Average expectation is 631 fragments per round of the 2 seasonal rewards and the selection kit for old rewards.  This means a bit less than 2 seasons should, on average, get you a level of each of those from random rewards.

You should also get ~2700 progress per round on the pass.  Which means ~3 rounds to get 2000 fragments of the selection kit for old rewards from that using the current pass.

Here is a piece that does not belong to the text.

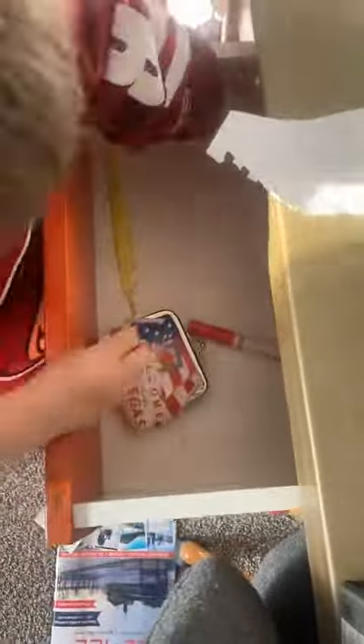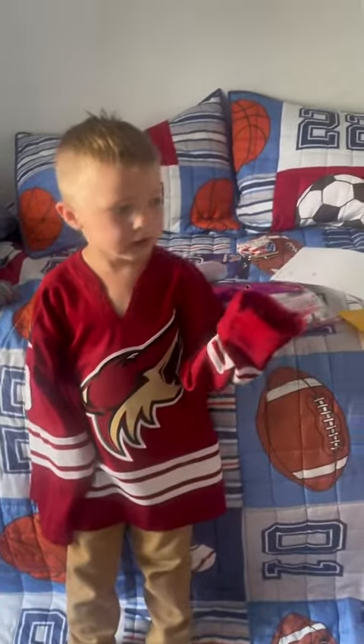First we start with this. I gotta keep it in order, right. Now we've just got our desk clean — onto the next step.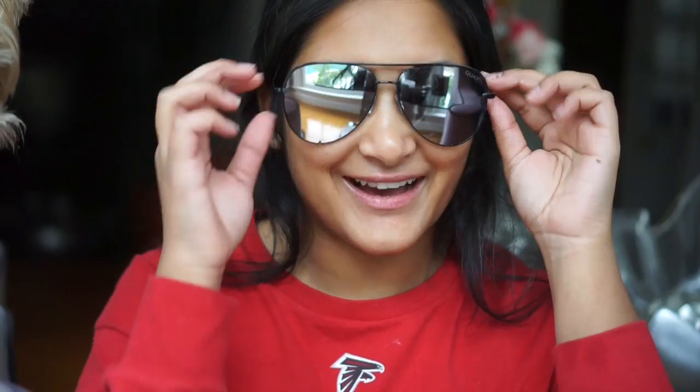Sunglasses, they got delivered. I'm gonna do a little unboxing of the Quay collaboration with Desi Perkins. I love them, they're so cool.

To the extent that one of the old rewards is your goal, 3-4 rounds (=6-8 weeks) should get you 2 level 2s of whatever it is you were hoping for - one from pass and one from random rewards.

Further Optimisation

If you're looking to put in just a little additional effort, some small changes while keeping the core of the lazy approach are possible:

  • If you can get enough main city support to build one out of the gate, 1 Goat Farm replaces *all* of the supply producers in the above layout.  Or 1 Arch replaces *all* of the culture.  This would be a slightly different grid but can save you expansions or enable you to build more production so you can do more on later days.  You can come up with a bigger plan based around what you can afford from your main city support.
  • Fighting is cheaper when it works and if you can autobattle it's not that much additional effort.  Especially on day 1, fighting can be nearly "free" (no troops lost) with 8 ballista or 6 ballista and 2 archers.  If you have some boost to your QI troops from your main city it can last for more days.  This means additional coins and supplies saved for later days.  It is more clicking though compared to "check the max box and donate all".  If doing this you may wish to work to replace 1 of the culture with an arch so that you don't need to sell rooftile houses.  and upgrade 1-2 of the rooftile houses to better houses so you can have both archer and iron production available when the fighting days end as you'll have some extra coins and supplies to donate troops too.
  • If day 11+12 aren't too useful to your guild (which if you're in a solo guild = up to you), you can start day 1 after midnight eastern and have a full 24 hours for day 1 instead of 16 hours. And 8 hours for day 11 (no day 12).  The expected difference in the above strategy is ~17 fragments less and ~60 progress more for starting at midnight on the first day instead of 8 am.  It could have more of an advantage if you fight on early days.

You will need to adapt the timing and amounts of goods and troops produced to match your optimisations.